▶ SUPPLIED INFORMATION
=== Begin Enclosure ===
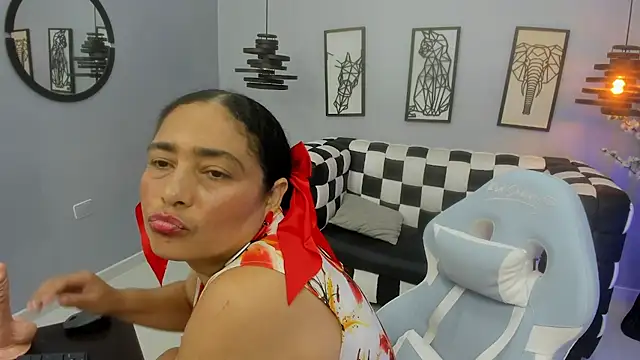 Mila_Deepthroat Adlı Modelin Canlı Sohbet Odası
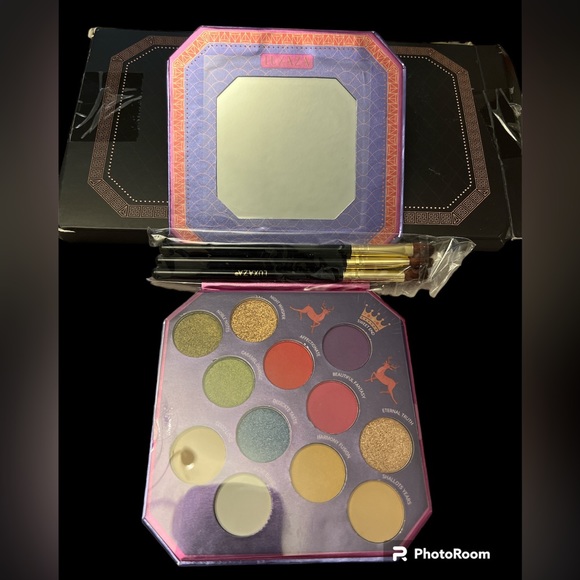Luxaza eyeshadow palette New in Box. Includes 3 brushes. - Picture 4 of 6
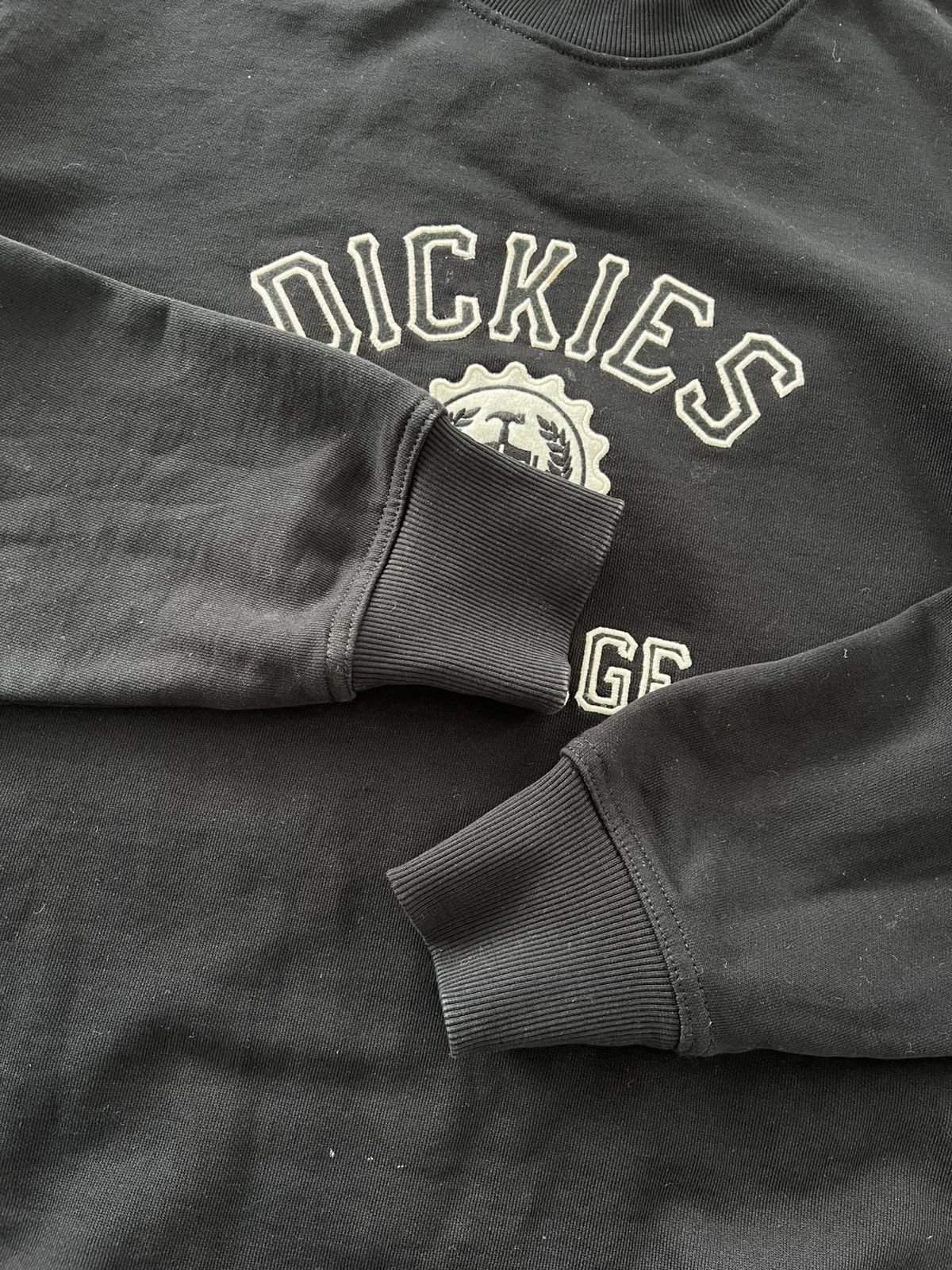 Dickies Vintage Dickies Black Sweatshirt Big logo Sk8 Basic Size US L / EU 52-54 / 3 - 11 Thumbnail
=== End Enclosure ===
▶ WHAT YOU SHOULD DO
Take the line containing "Luxaza eyeshadow palette" as the first line and the last line of the data above as the final one, and output exactly the lines between them, inclusive, with no pictures.

▶ YOUR SOLUTION
Luxaza eyeshadow palette New in Box. Includes 3 brushes. - Picture 4 of 6
 Dickies Vintage Dickies Black Sweatshirt Big logo Sk8 Basic Size US L / EU 52-54 / 3 - 11 Thumbnail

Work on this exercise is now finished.